Photograph: By Noemie Trusty

Hear the 200+ languages spoken in NYC at this new art installation

Languages featured include Nahuatl, Rikou, Romansh and Tsou.

Rossilynne Skena Culgan
Written by
Rossilynne Skena Culgan

More than 200 languages are spoken in New York City, and this new art installation at the Dumbo Archway plays audio clips of each one.

"Anchorage, Babel in Reverse" aims to bring New Yorkers and visitors together with language as a unifying force. This work of public art is on view in Brooklyn through April.

RECOMMENDED: The best outdoor art in NYC this winter

Artists Joseph Morris and Owen Trueblood created the interactive light and sound art installation in collaboration with the Endangered Language Alliance. The alliance provided the audio recordings of more than 200 languages spoken in NYC, including endangered languages.

Anchorage, Babel in Reverse art exhibit.
Photograph: By Noemie Trusty

As you approach the installation, you'll hear whispering sounds, which clarify into individual voices and languages as you get closer.
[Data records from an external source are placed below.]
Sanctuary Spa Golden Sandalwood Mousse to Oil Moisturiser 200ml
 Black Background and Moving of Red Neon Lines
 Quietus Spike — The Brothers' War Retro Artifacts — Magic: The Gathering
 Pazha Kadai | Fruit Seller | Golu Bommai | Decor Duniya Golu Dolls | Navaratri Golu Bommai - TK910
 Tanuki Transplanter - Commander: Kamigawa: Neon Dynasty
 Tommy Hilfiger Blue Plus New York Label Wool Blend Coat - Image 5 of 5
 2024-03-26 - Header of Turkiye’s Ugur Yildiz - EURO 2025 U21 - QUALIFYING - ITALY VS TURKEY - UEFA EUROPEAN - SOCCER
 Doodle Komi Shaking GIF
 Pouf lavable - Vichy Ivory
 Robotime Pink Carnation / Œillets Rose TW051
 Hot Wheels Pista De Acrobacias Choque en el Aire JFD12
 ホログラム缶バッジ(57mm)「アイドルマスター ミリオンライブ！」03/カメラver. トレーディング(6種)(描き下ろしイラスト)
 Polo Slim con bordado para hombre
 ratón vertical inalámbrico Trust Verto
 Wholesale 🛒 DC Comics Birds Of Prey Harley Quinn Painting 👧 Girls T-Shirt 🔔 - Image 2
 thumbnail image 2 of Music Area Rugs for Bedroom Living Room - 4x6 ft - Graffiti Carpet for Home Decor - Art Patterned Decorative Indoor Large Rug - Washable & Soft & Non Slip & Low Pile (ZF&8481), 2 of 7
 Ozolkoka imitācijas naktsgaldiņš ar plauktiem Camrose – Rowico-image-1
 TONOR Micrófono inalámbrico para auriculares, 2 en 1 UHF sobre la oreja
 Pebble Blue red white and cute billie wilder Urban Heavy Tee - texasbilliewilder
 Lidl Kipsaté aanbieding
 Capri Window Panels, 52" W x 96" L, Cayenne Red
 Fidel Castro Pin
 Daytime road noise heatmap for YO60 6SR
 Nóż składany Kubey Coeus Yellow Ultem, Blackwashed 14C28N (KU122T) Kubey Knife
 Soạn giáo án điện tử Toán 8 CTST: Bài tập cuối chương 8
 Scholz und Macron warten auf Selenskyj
The motion-activated speakers, hanging in the archway under the Manhattan Bridge, light up and play various snippets of poetry, song and prose. Each electronic speaker is dedicated to a single audio recording of a language documented by the Endangered Language Alliance.

Languages featured include Romansh, Rikou, Yiddish and Nahuatl, among many others. 

The installation comes amid an influx of migration into New York City. Since last spring, 42,000 migrants seeking asylum have arrived in New York City "in need of shelter and basic services," The New York Times reported today. Mayor Eric Adams has said the city is nearing "its breaking point," per the Times.

As the city grapples with this influx, the installation celebrates New York's diversity.

Take note of the installation's name: "Babel in Reverse." In the Biblical story of Babel, the Babylonians tried to make a name for themselves by building a massive city and tall tower reaching into the heavens. God interrupted the work by confusing the language of the workers so they couldn't understand each other; the people then dispersed across the earth. The story seeks to explain the existence of diversity in human language. 

Unlike the story of Babel, where language divides, "Babel in Reverse" strives to bring people together.

Anchorage, Babel in Reverse art exhibit.
Photograph: By Noemie Trusty

You can see—and hear—it in Dumbo Archway, open daily from 3-10pm through April. 

The piece is the latest installation by the Downtown Brooklyn + Dumbo Art Fund, a partnership with Downtown Brooklyn Partnership and Dumbo Improvement District designed to enliven public spaces. New York City DOT Art also partnered on the project. 

It's among many pieces of public art project on view this winter, including sculptures about justice in Madison Square Park, a colorful archway at Brookfield Place and a kinetic installation in the Garment District.